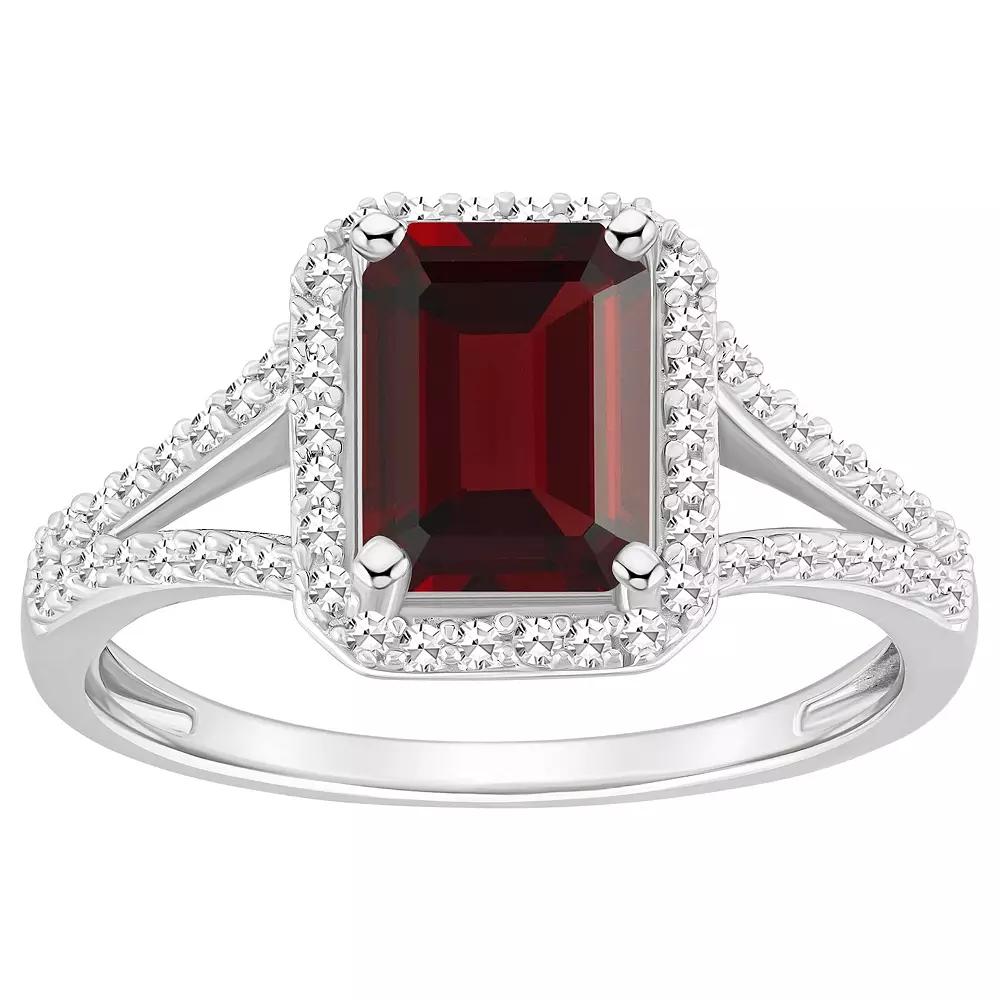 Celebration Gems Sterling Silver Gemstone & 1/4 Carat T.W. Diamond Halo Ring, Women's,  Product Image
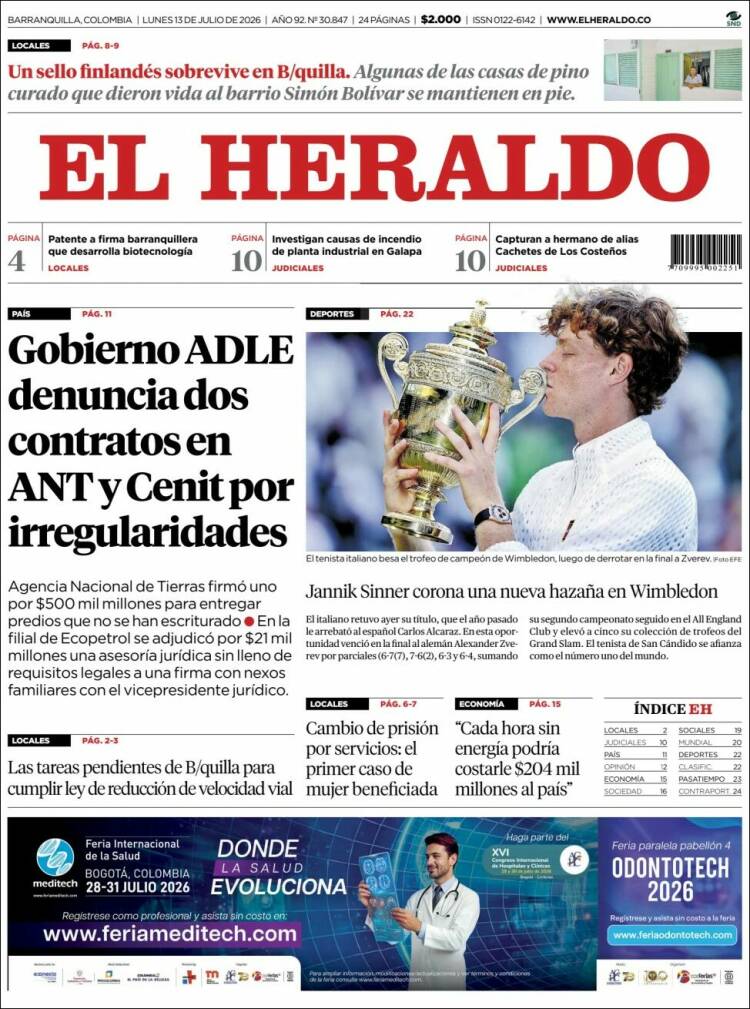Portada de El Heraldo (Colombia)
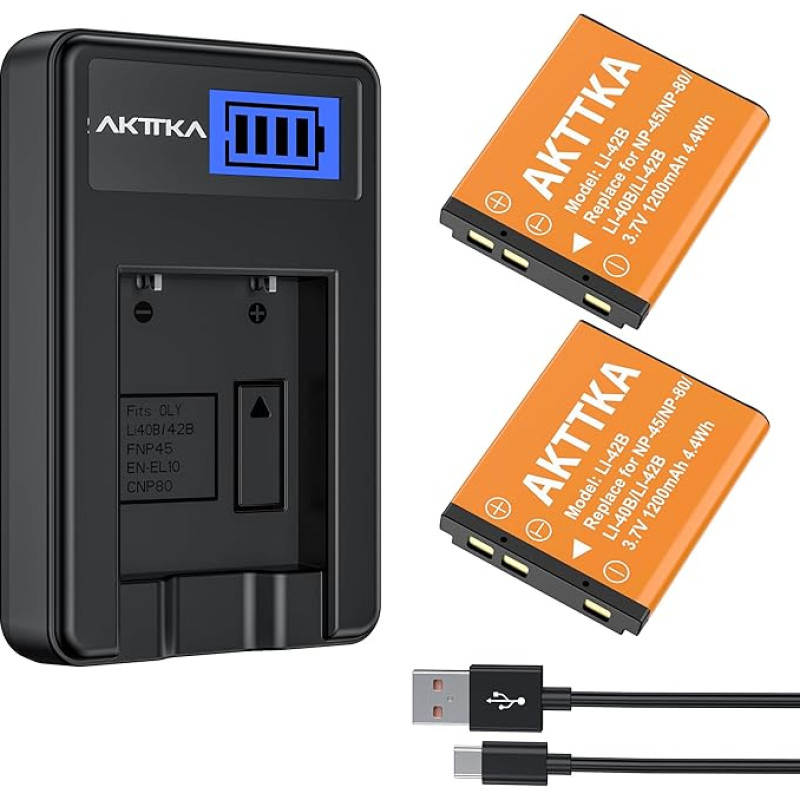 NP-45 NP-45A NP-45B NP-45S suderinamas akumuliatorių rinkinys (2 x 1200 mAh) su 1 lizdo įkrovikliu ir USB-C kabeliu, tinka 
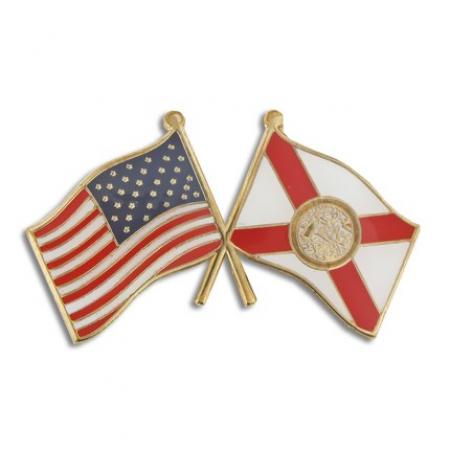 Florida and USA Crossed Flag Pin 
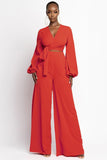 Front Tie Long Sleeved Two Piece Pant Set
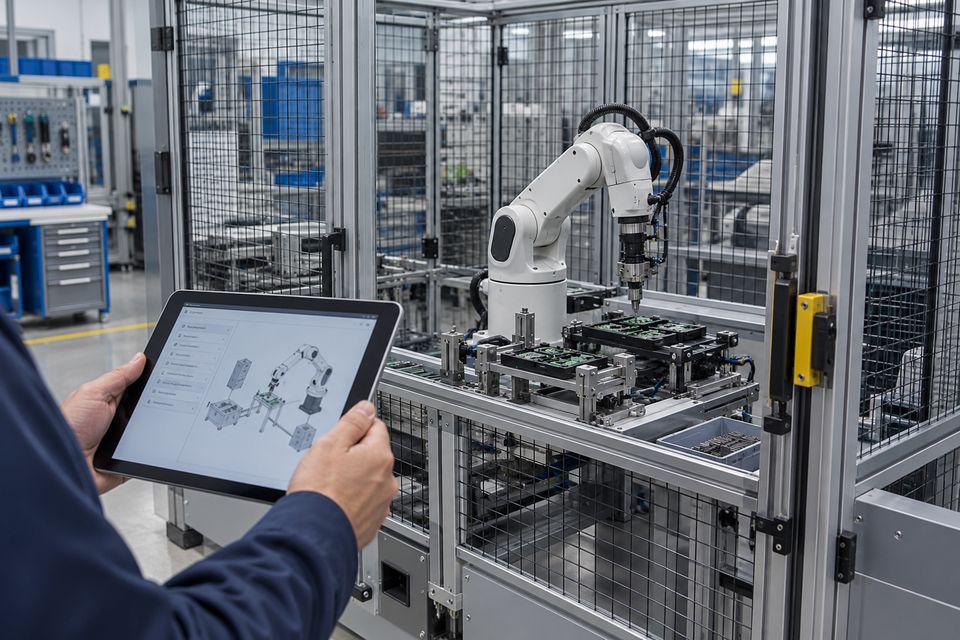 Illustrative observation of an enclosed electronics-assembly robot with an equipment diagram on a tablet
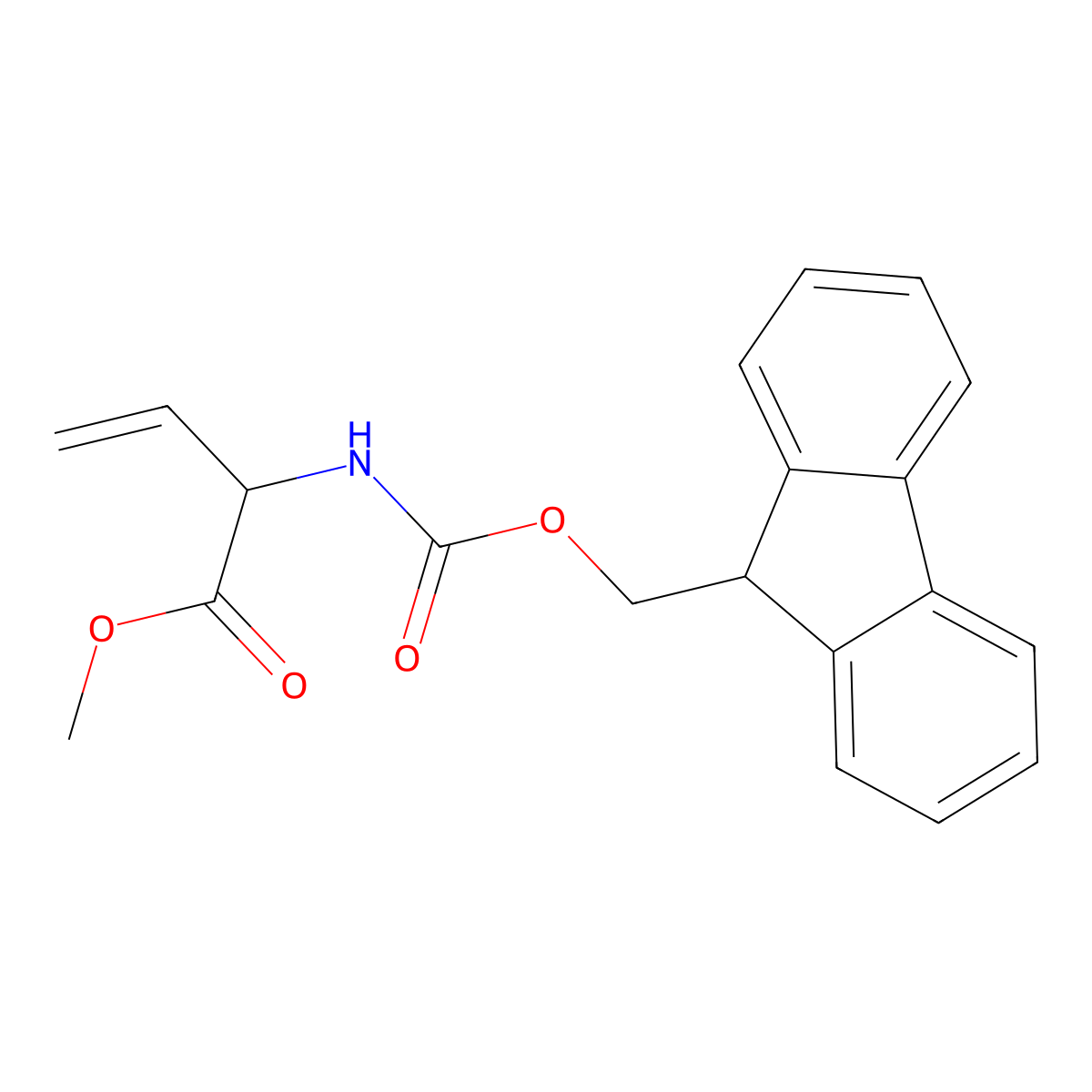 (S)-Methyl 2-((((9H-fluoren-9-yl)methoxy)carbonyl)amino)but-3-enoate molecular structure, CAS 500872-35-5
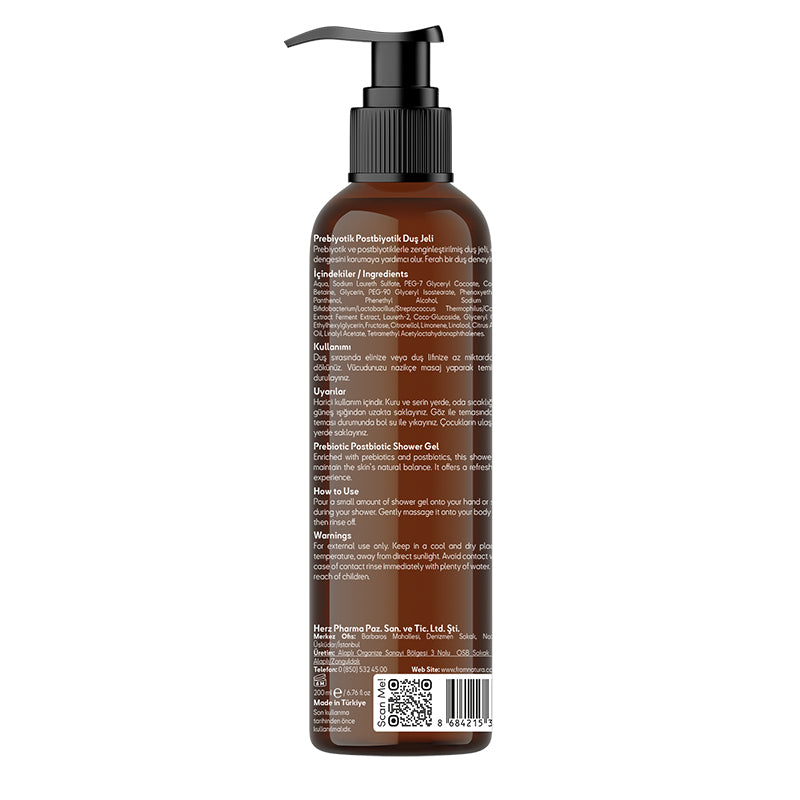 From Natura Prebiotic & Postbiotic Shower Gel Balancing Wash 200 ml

------------------------------------

**WHAT TO DO:** Output every entry above verbatim, but leave out the pictures.

**PROBLEM SOLUTION:**
 Celebration Gems Sterling Silver Gemstone & 1/4 Carat T.W. Diamond Halo Ring, Women's,  Product Image
Portada de El Heraldo (Colombia)
 NP-45 NP-45A NP-45B NP-45S suderinamas akumuliatorių rinkinys (2 x 1200 mAh) su 1 lizdo įkrovikliu ir USB-C kabeliu, tinka 
 Florida and USA Crossed Flag Pin 
 Front Tie Long Sleeved Two Piece Pant Set
 Illustrative observation of an enclosed electronics-assembly robot with an equipment diagram on a tablet
 (S)-Methyl 2-((((9H-fluoren-9-yl)methoxy)carbonyl)amino)but-3-enoate molecular structure, CAS 500872-35-5
 From Natura Prebiotic & Postbiotic Shower Gel Balancing Wash 200 ml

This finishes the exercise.